As facilities and technology become more integrated, says Ehrenberg, staff members specializing in each will come in increased contact with one another. Facilities that implement smart building technology will require even more collaboration between FM and IT than was once required; for building operations to run smoothly, cross-training and support for both departments will be critical. Meanwhile, HR will continue to be an important partner for FM, since providing the right conditions for mobile working and productive output is a concern for both departments.
FMLink also reports that long-term sustainability is also on many professionals minds, based on a recent survey conducted by sustainability management company Ecova. The survey found that these eco-minded professionals are taking a long-term view of sustainability, planning projects that are time-intensive but ultimately cost-effective. According to the survey, 57 percent of those surveyed believe their organization will spend more time or money on sustainability in the coming year. By doing the same and thinking in the long-term, facilities managers can not only cut down on their companies’ expenses, they can also ensure they adhere to the ever-changing standards of environmental responsibility.
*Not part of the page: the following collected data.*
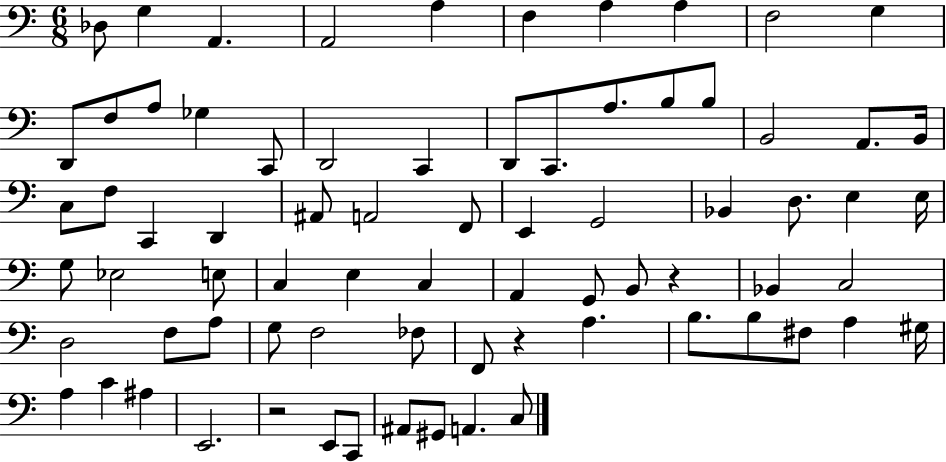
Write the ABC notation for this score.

X:1
T:Untitled
M:6/8
L:1/4
K:C
_D,/2 G, A,, A,,2 A, F, A, A, F,2 G, D,,/2 F,/2 A,/2 _G, C,,/2 D,,2 C,, D,,/2 C,,/2 A,/2 B,/2 B,/2 B,,2 A,,/2 B,,/4 C,/2 F,/2 C,, D,, ^A,,/2 A,,2 F,,/2 E,, G,,2 _B,, D,/2 E, E,/4 G,/2 _E,2 E,/2 C, E, C, A,, G,,/2 B,,/2 z _B,, C,2 D,2 F,/2 A,/2 G,/2 F,2 _F,/2 F,,/2 z A, B,/2 B,/2 ^F,/2 A, ^G,/4 A, C ^A, E,,2 z2 E,,/2 C,,/2 ^A,,/2 ^G,,/2 A,, C,/2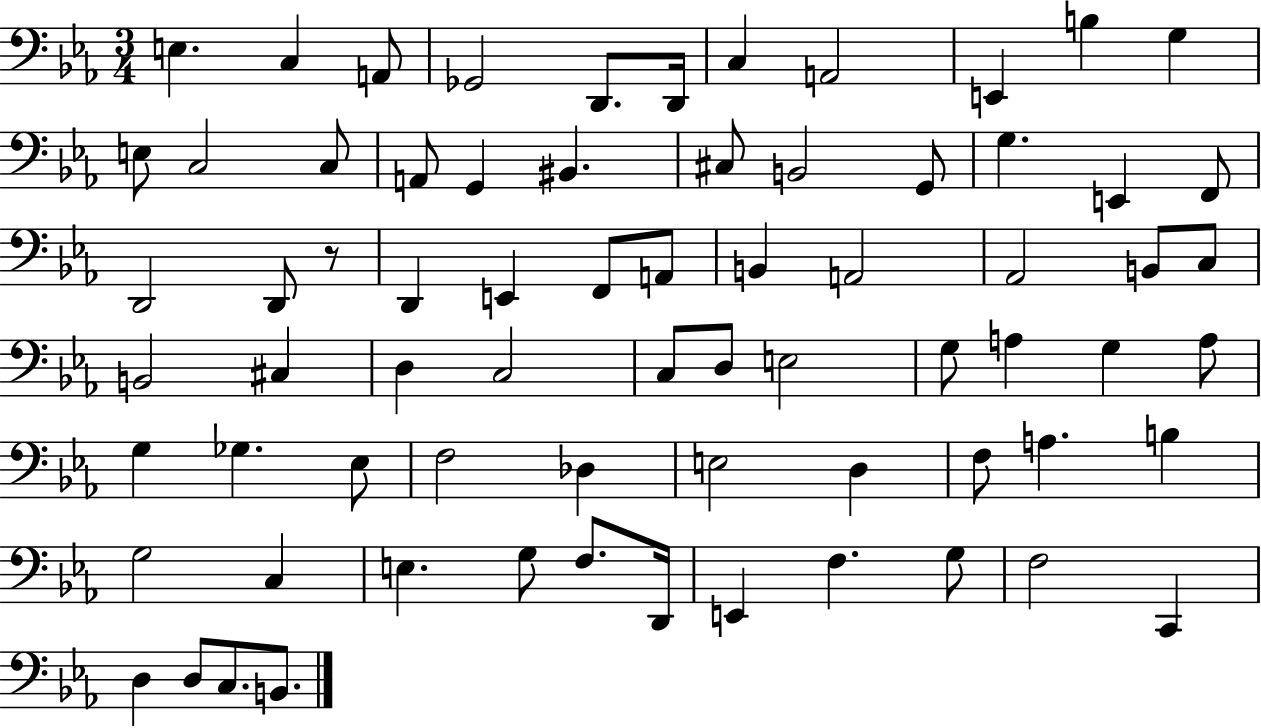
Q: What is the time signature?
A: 3/4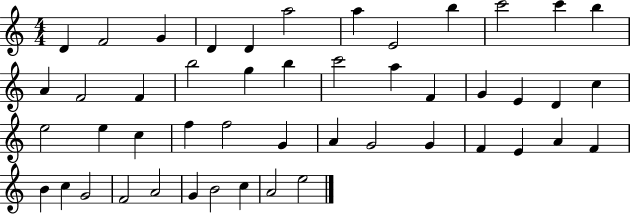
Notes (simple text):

D4/q F4/h G4/q D4/q D4/q A5/h A5/q E4/h B5/q C6/h C6/q B5/q A4/q F4/h F4/q B5/h G5/q B5/q C6/h A5/q F4/q G4/q E4/q D4/q C5/q E5/h E5/q C5/q F5/q F5/h G4/q A4/q G4/h G4/q F4/q E4/q A4/q F4/q B4/q C5/q G4/h F4/h A4/h G4/q B4/h C5/q A4/h E5/h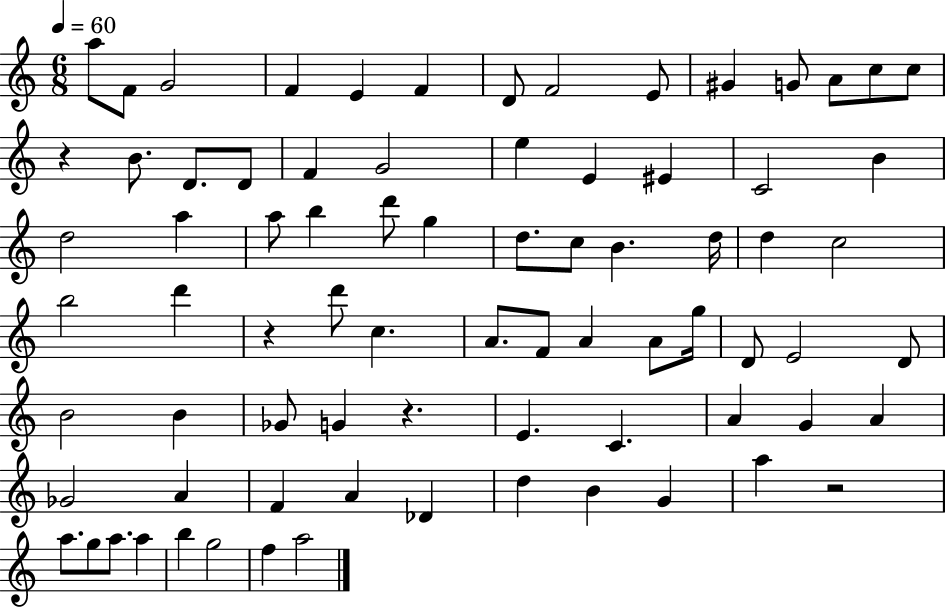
{
  \clef treble
  \numericTimeSignature
  \time 6/8
  \key c \major
  \tempo 4 = 60
  a''8 f'8 g'2 | f'4 e'4 f'4 | d'8 f'2 e'8 | gis'4 g'8 a'8 c''8 c''8 | \break r4 b'8. d'8. d'8 | f'4 g'2 | e''4 e'4 eis'4 | c'2 b'4 | \break d''2 a''4 | a''8 b''4 d'''8 g''4 | d''8. c''8 b'4. d''16 | d''4 c''2 | \break b''2 d'''4 | r4 d'''8 c''4. | a'8. f'8 a'4 a'8 g''16 | d'8 e'2 d'8 | \break b'2 b'4 | ges'8 g'4 r4. | e'4. c'4. | a'4 g'4 a'4 | \break ges'2 a'4 | f'4 a'4 des'4 | d''4 b'4 g'4 | a''4 r2 | \break a''8. g''8 a''8. a''4 | b''4 g''2 | f''4 a''2 | \bar "|."
}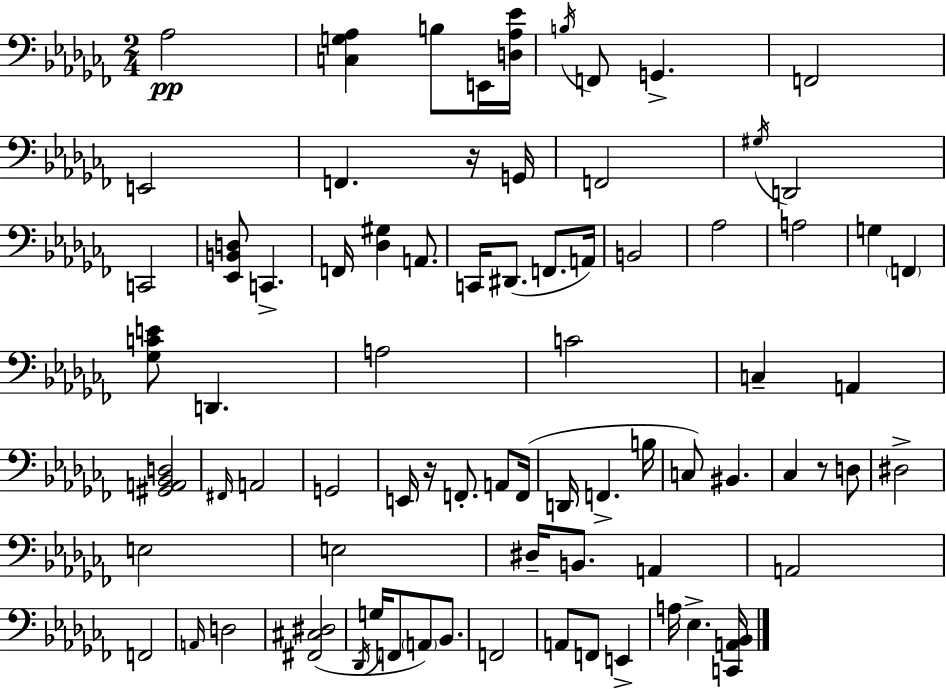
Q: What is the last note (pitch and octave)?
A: Eb3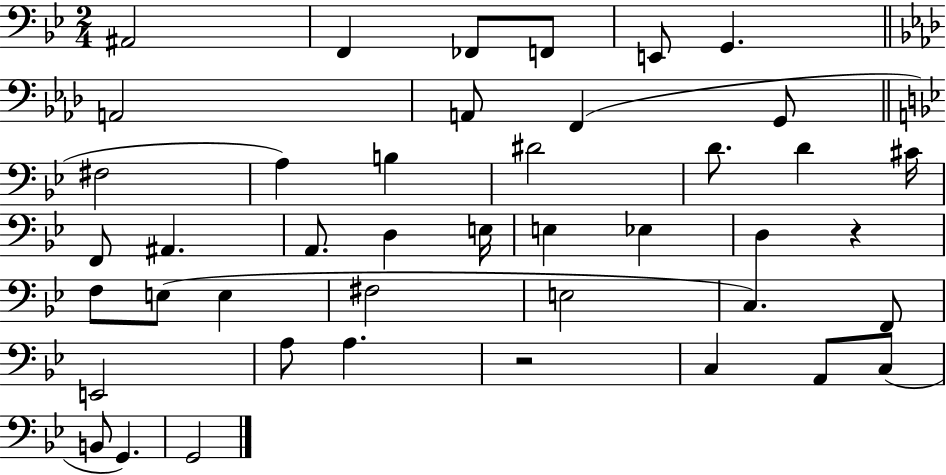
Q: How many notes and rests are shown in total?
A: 43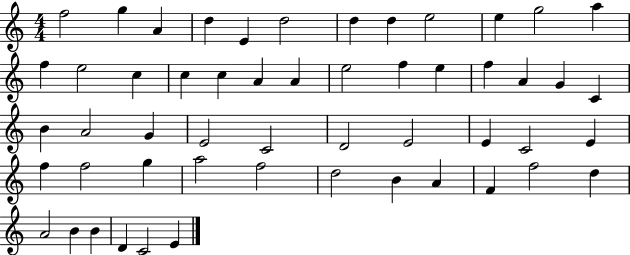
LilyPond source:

{
  \clef treble
  \numericTimeSignature
  \time 4/4
  \key c \major
  f''2 g''4 a'4 | d''4 e'4 d''2 | d''4 d''4 e''2 | e''4 g''2 a''4 | \break f''4 e''2 c''4 | c''4 c''4 a'4 a'4 | e''2 f''4 e''4 | f''4 a'4 g'4 c'4 | \break b'4 a'2 g'4 | e'2 c'2 | d'2 e'2 | e'4 c'2 e'4 | \break f''4 f''2 g''4 | a''2 f''2 | d''2 b'4 a'4 | f'4 f''2 d''4 | \break a'2 b'4 b'4 | d'4 c'2 e'4 | \bar "|."
}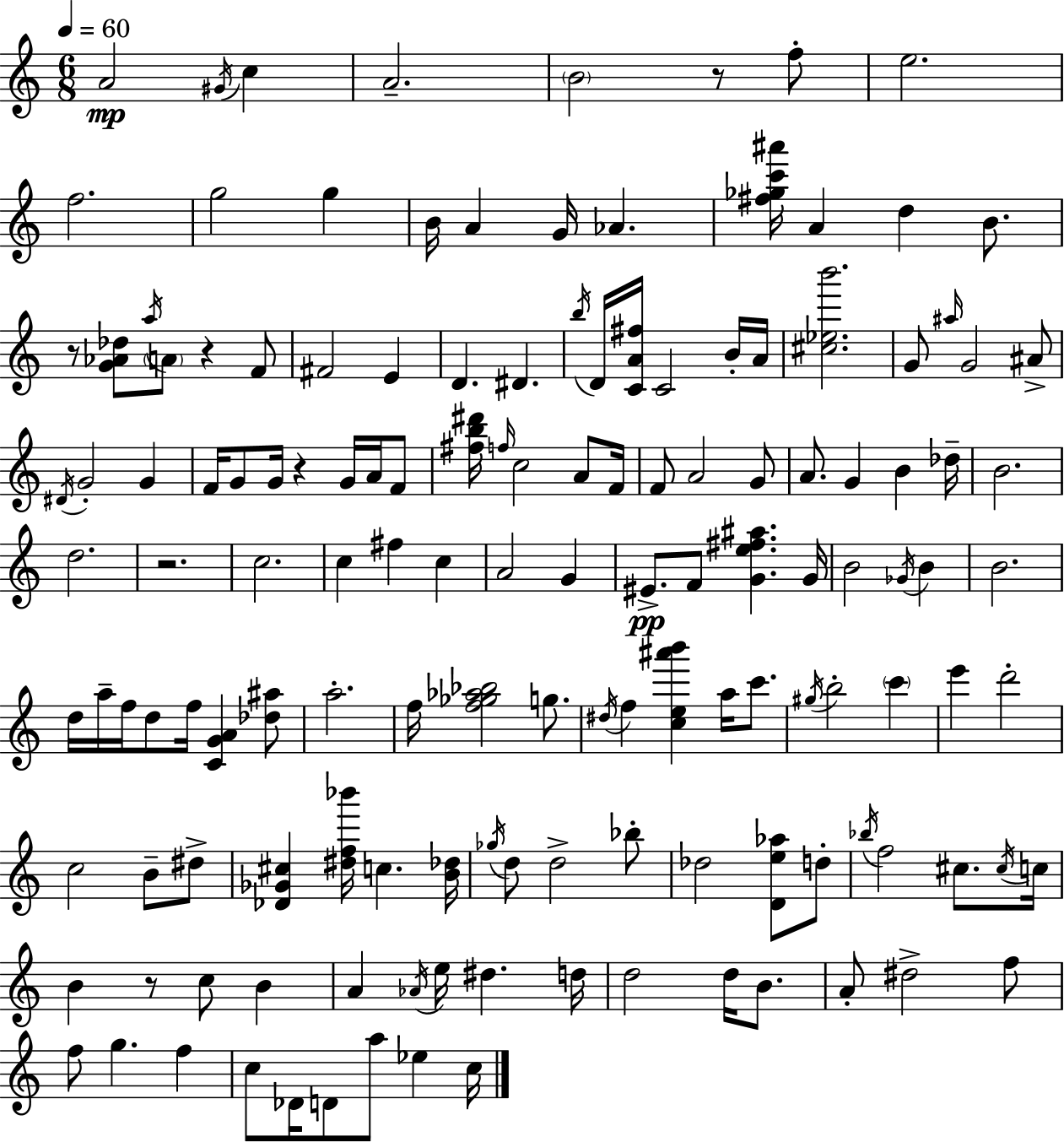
{
  \clef treble
  \numericTimeSignature
  \time 6/8
  \key c \major
  \tempo 4 = 60
  a'2\mp \acciaccatura { gis'16 } c''4 | a'2.-- | \parenthesize b'2 r8 f''8-. | e''2. | \break f''2. | g''2 g''4 | b'16 a'4 g'16 aes'4. | <fis'' ges'' c''' ais'''>16 a'4 d''4 b'8. | \break r8 <g' aes' des''>8 \acciaccatura { a''16 } \parenthesize a'8 r4 | f'8 fis'2 e'4 | d'4. dis'4. | \acciaccatura { b''16 } d'16 <c' a' fis''>16 c'2 | \break b'16-. a'16 <cis'' ees'' b'''>2. | g'8 \grace { ais''16 } g'2 | ais'8-> \acciaccatura { dis'16 } g'2-. | g'4 f'16 g'8 g'16 r4 | \break g'16 a'16 f'8 <fis'' b'' dis'''>16 \grace { f''16 } c''2 | a'8 f'16 f'8 a'2 | g'8 a'8. g'4 | b'4 des''16-- b'2. | \break d''2. | r2. | c''2. | c''4 fis''4 | \break c''4 a'2 | g'4 eis'8.->\pp f'8 <g' e'' fis'' ais''>4. | g'16 b'2 | \acciaccatura { ges'16 } b'4 b'2. | \break d''16 a''16-- f''16 d''8 | f''16 <c' g' a'>4 <des'' ais''>8 a''2.-. | f''16 <f'' ges'' aes'' bes''>2 | g''8. \acciaccatura { dis''16 } f''4 | \break <c'' e'' ais''' b'''>4 a''16 c'''8. \acciaccatura { gis''16 } b''2-. | \parenthesize c'''4 e'''4 | d'''2-. c''2 | b'8-- dis''8-> <des' ges' cis''>4 | \break <dis'' f'' bes'''>16 c''4. <b' des''>16 \acciaccatura { ges''16 } d''8 | d''2-> bes''8-. des''2 | <d' e'' aes''>8 d''8-. \acciaccatura { bes''16 } f''2 | cis''8. \acciaccatura { cis''16 } c''16 | \break b'4 r8 c''8 b'4 | a'4 \acciaccatura { aes'16 } e''16 dis''4. | d''16 d''2 d''16 b'8. | a'8-. dis''2-> f''8 | \break f''8 g''4. f''4 | c''8 des'16 d'8 a''8 ees''4 | c''16 \bar "|."
}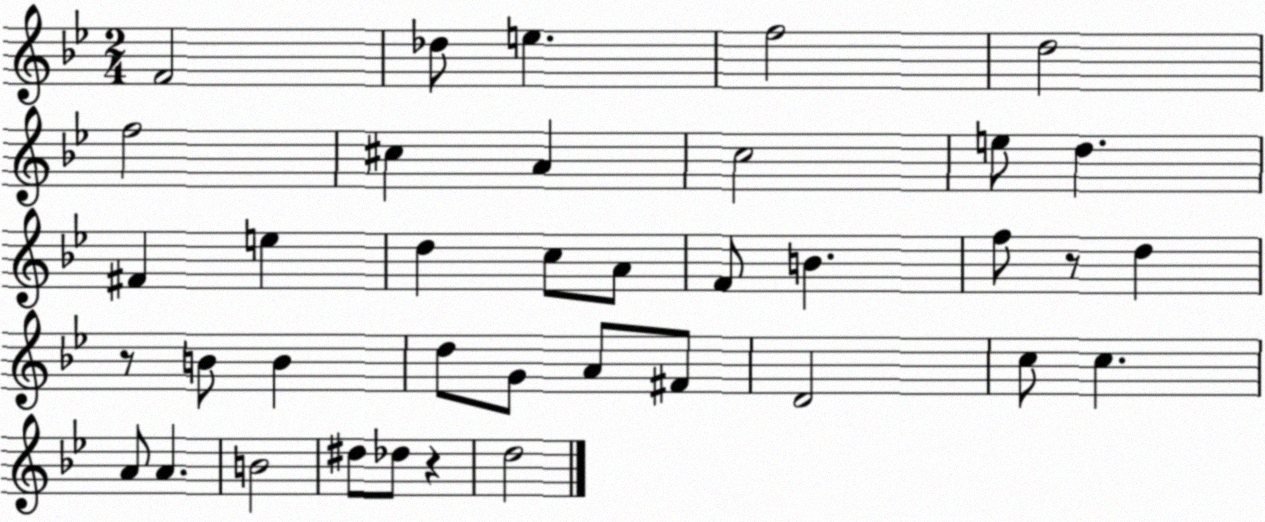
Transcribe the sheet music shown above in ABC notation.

X:1
T:Untitled
M:2/4
L:1/4
K:Bb
F2 _d/2 e f2 d2 f2 ^c A c2 e/2 d ^F e d c/2 A/2 F/2 B f/2 z/2 d z/2 B/2 B d/2 G/2 A/2 ^F/2 D2 c/2 c A/2 A B2 ^d/2 _d/2 z d2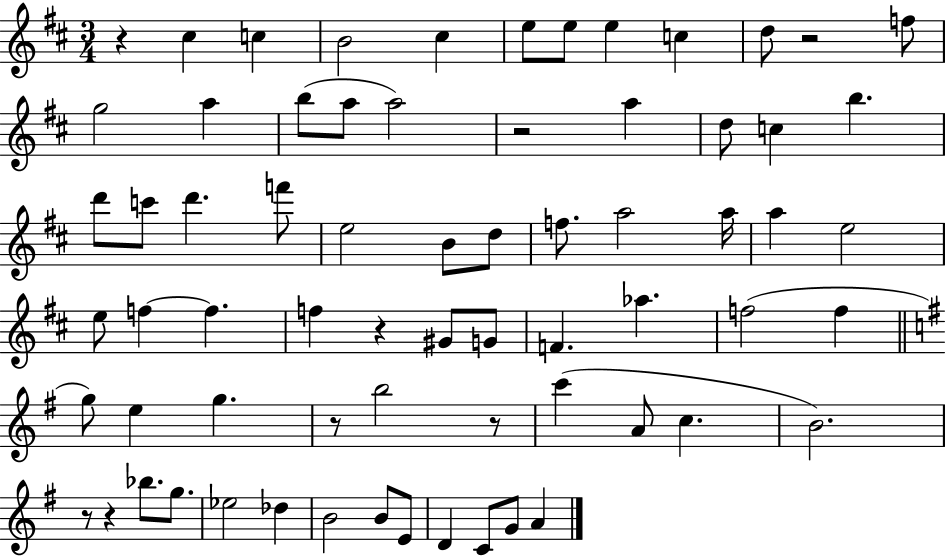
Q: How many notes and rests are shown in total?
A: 68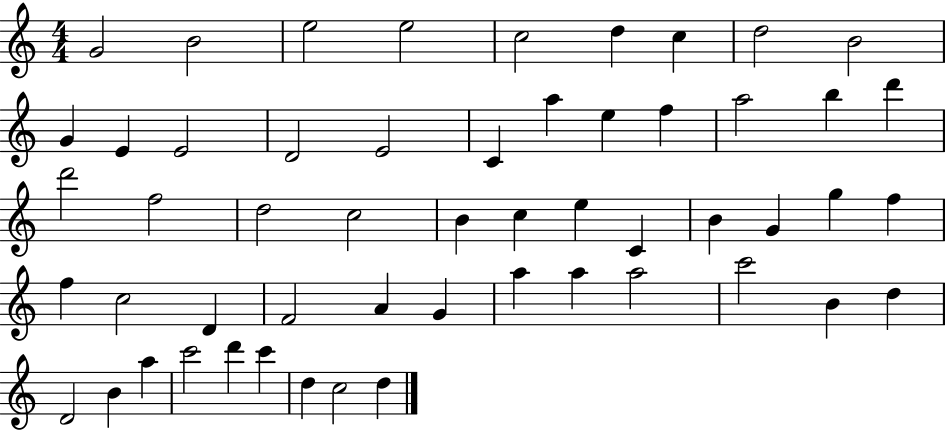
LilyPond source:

{
  \clef treble
  \numericTimeSignature
  \time 4/4
  \key c \major
  g'2 b'2 | e''2 e''2 | c''2 d''4 c''4 | d''2 b'2 | \break g'4 e'4 e'2 | d'2 e'2 | c'4 a''4 e''4 f''4 | a''2 b''4 d'''4 | \break d'''2 f''2 | d''2 c''2 | b'4 c''4 e''4 c'4 | b'4 g'4 g''4 f''4 | \break f''4 c''2 d'4 | f'2 a'4 g'4 | a''4 a''4 a''2 | c'''2 b'4 d''4 | \break d'2 b'4 a''4 | c'''2 d'''4 c'''4 | d''4 c''2 d''4 | \bar "|."
}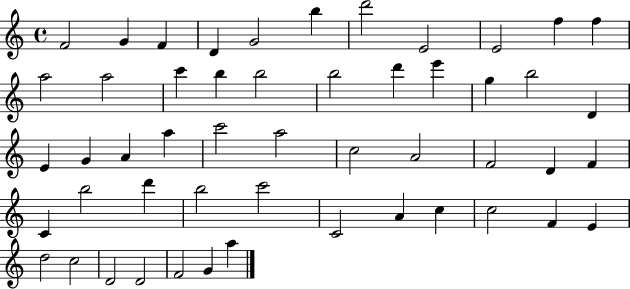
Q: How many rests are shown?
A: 0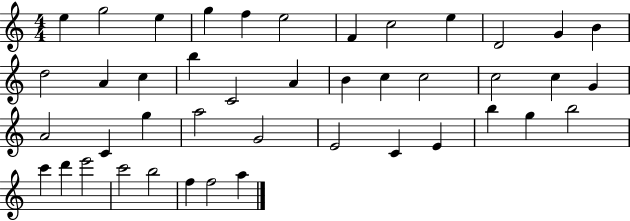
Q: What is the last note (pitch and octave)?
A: A5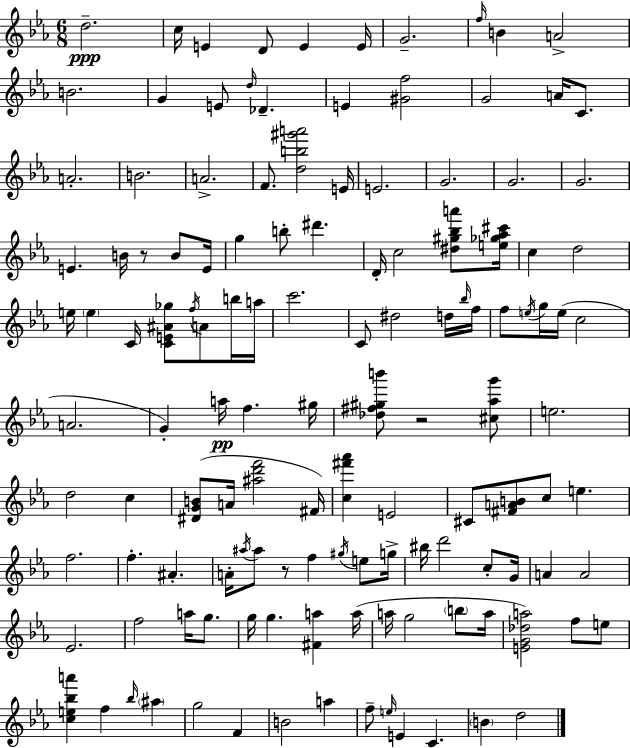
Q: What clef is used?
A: treble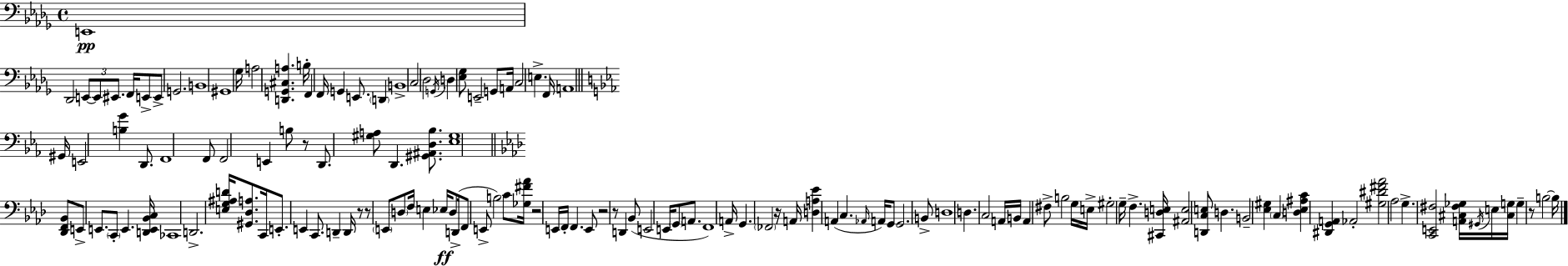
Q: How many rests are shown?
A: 8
Smart buildings are the way of the future, and their presence can be felt not only by FMs but also everyone from their colleagues in IT to their superiors in the C-suite. Of course, sustainability has been and continues to be another important concern in reducing environmental impact and cutting costs. It will be exciting to see how these trends develop throughout the year and make facilities management the challenging, interesting and varied field that it is. But again, this is one prediction among many possibilities. What do you think will be the biggest concerns for FMs in the coming year?